Giving robots a brain and a constitution
In a series of videos showing the potential of the research, the robots can be seen picking up soda cans, opening and closing drawers and even cleaning a surface.
Previously, each of the parts of those tasks would have required lines of code and specific training. The new research allows the bots to learn by watching, examining the environment and working out the task themselves in real-time.
There is also a new robot constitution that sets out safety rules for both the bots and the underlying large language model decision-making system. Based on Isaac Asimov's famous three laws of robotics, they essentially say do no harm to humans.
AutoRT gives vision to robots
The first of the new technologies is AutoRT, a technique that teaches multiple robots at once to perform different tasks in a range of environments at the same time.

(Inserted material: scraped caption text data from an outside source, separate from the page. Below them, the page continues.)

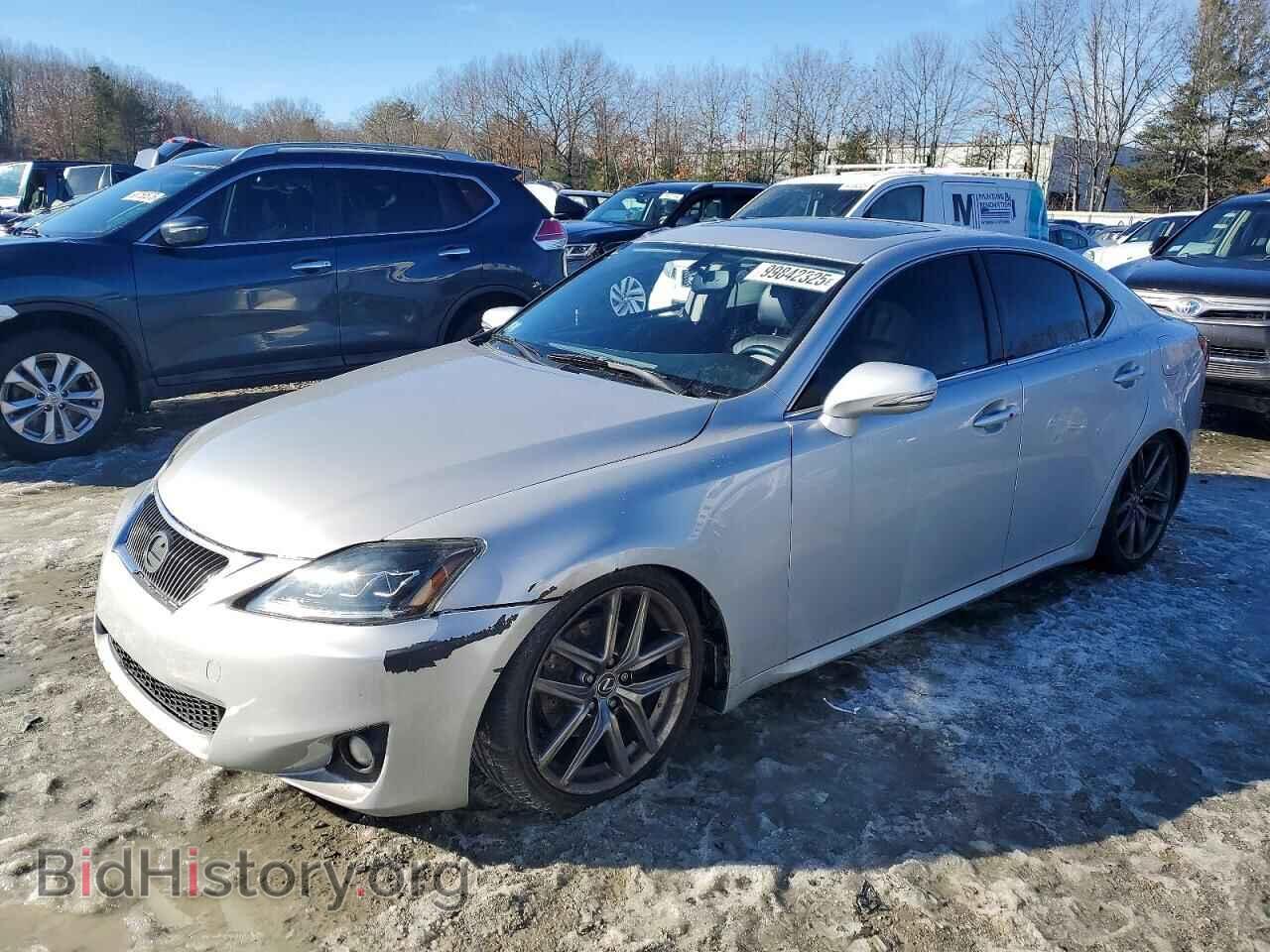 Photo JTHCF5C23C5053383 - LEXUS IS 2012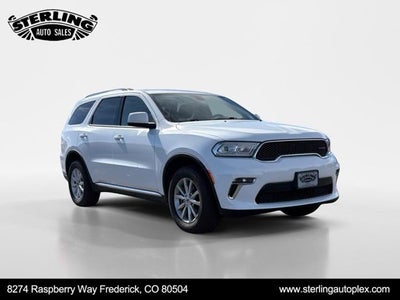 2021 Dodge Durango SXT Plus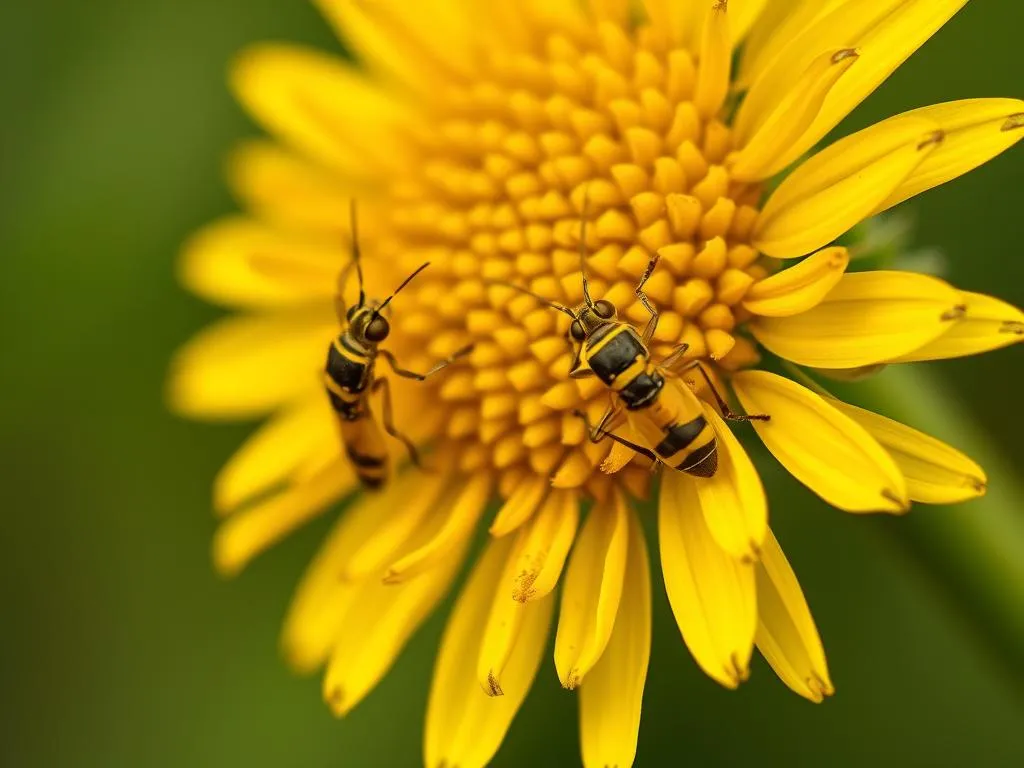 yellow aphids symbolism and meaning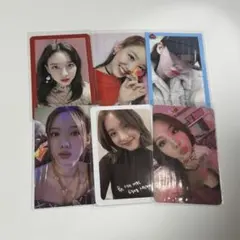 TWICE ナヨン トレカ セット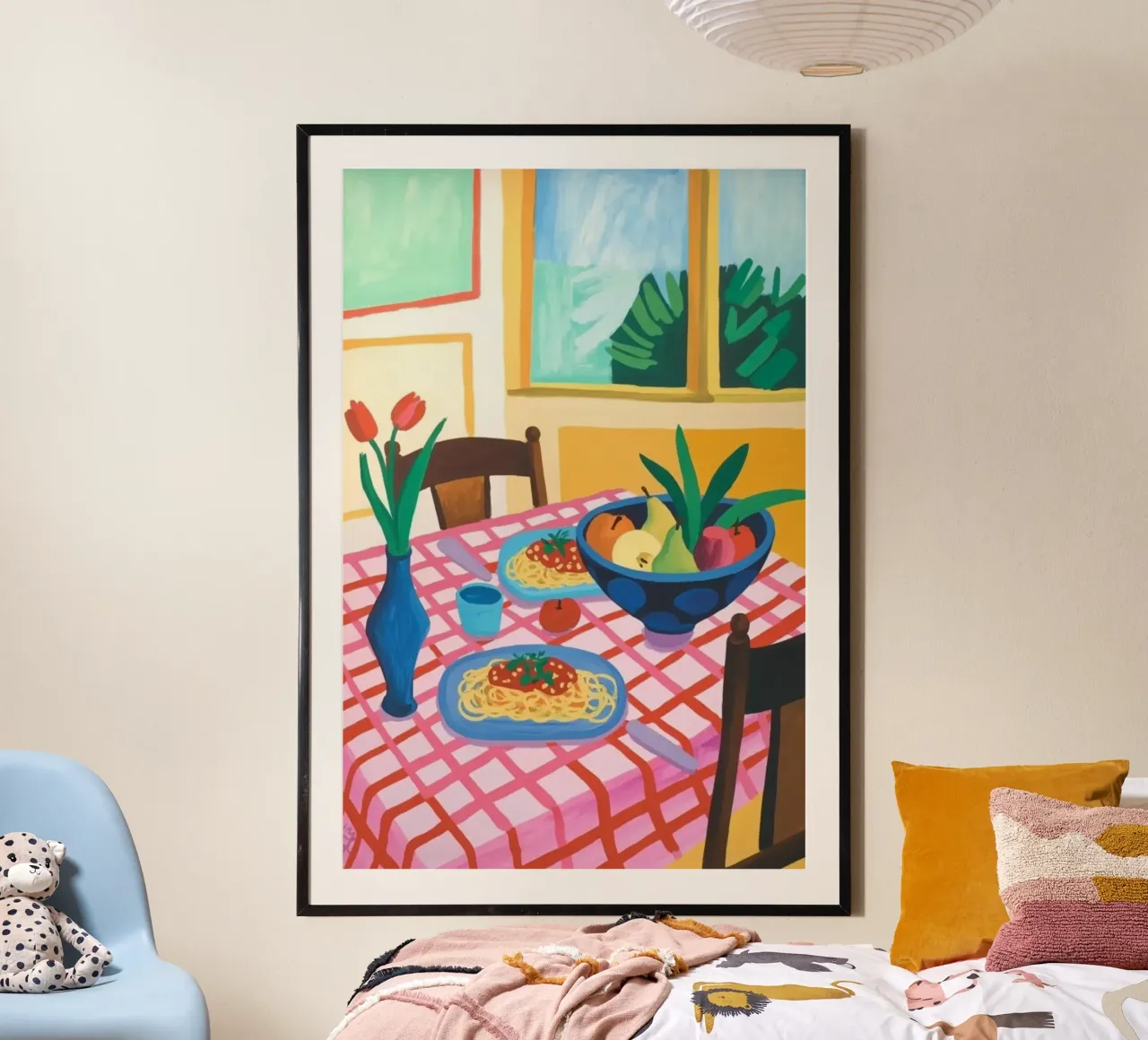 Dining Table poster by Eliban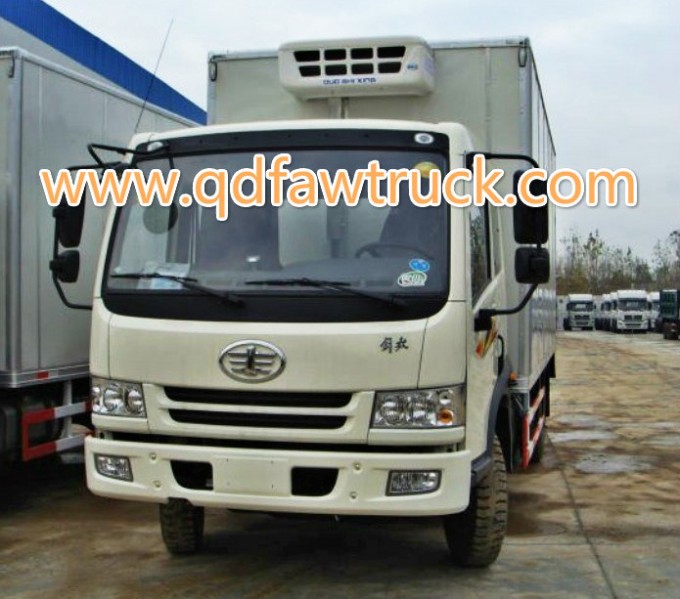 FAW 10 Tons Refrigerator Truck (CA1169PK2L2EA80) Image1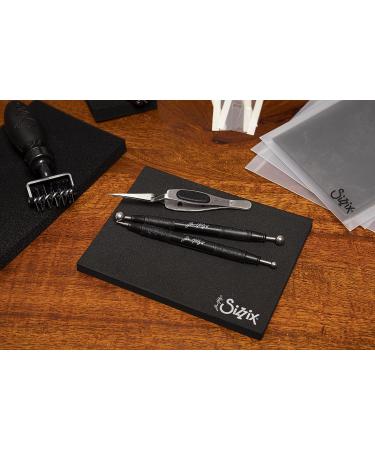 Sizzix Tim Holtz Shaping Kit 665304 - Black | Paper Sculpting Set for Scrapbooking and Cardmaking - One Size - Buy Online on GoSupps.com
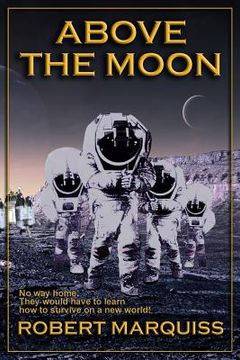portada Above The Moon (en Inglés)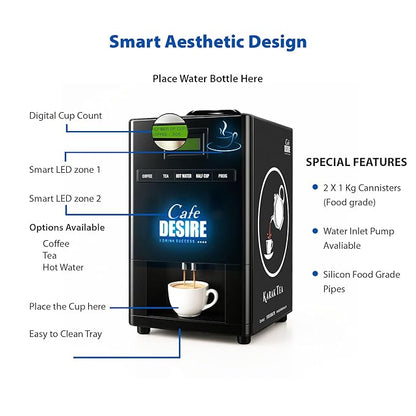 Pump - LED - Double Option Vending Machine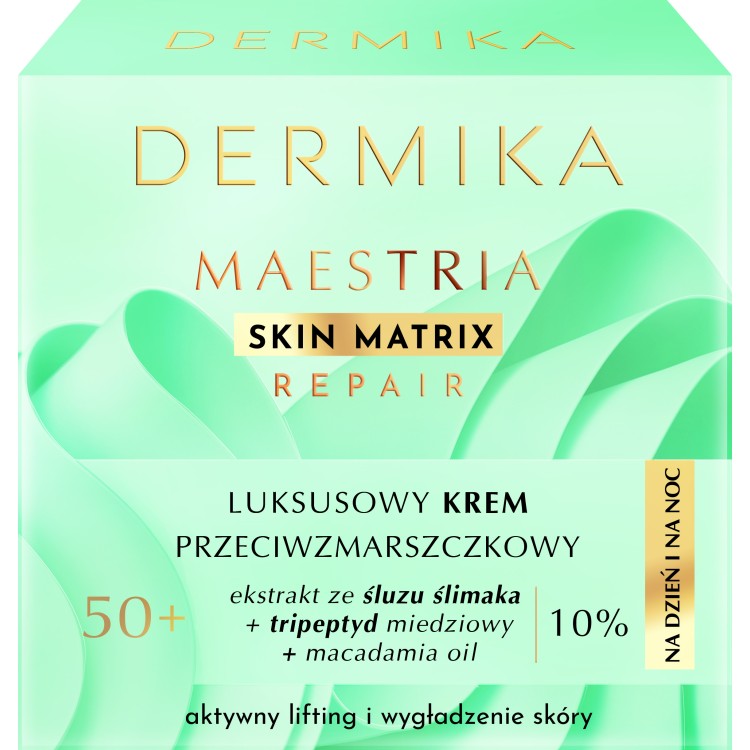 DERMIKA MAESTRIA LUKSUSOWY KREM PRZECIWZMARSZCZKOWY 50+ 50ML
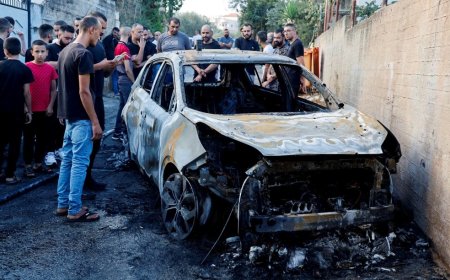 İsrail ordusu açıkladı: Batı Şeria'da Hamas komutanı öldürüldü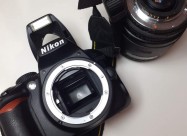Nikon D3100 Full Komplet Kako Nov !
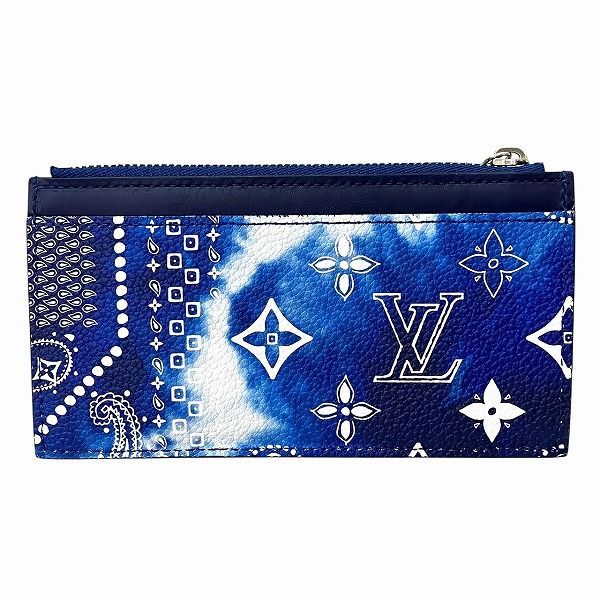 ルイヴィトン Louis Vuitton モノグラム バンダナ コインカードホルダー M81432 ミニ財布 コインケース ユニセックス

They use a visual language model to study the environment and objects and feed that data into a large language model. This model acts as the decision maker for the bot and tells it which task it should perform next and how to perform that task.
This system was tested over seven months and used to train 20 robots. In total they performed 6,650 individual tasks during the training period to fine-tune the data collection and processing.
SARA lets the robots make changes themselves
Self-Adaptive Robust Attention for Robotics Transformers (or SARA-RT for short) is a new system that is scalable and lets the robots make improvements to their instructions based on real-world feedback. It is a way of fine-tuning the model to work as efficiently as possible.
The robot can take in spatial data from its cameras, and information from other sensors and use that to pick the best path to completion for any given task.
The final technique provides visual contour data for robots that can add descriptions to the training data. It can use this additional data to generalize more effectively and improve its understanding of the task it has to perform.
This is just an early research project from DeepMind, working on the underlying technology rather than deploying it to live products. So don’t expect an android to make you a coffee anytime soon.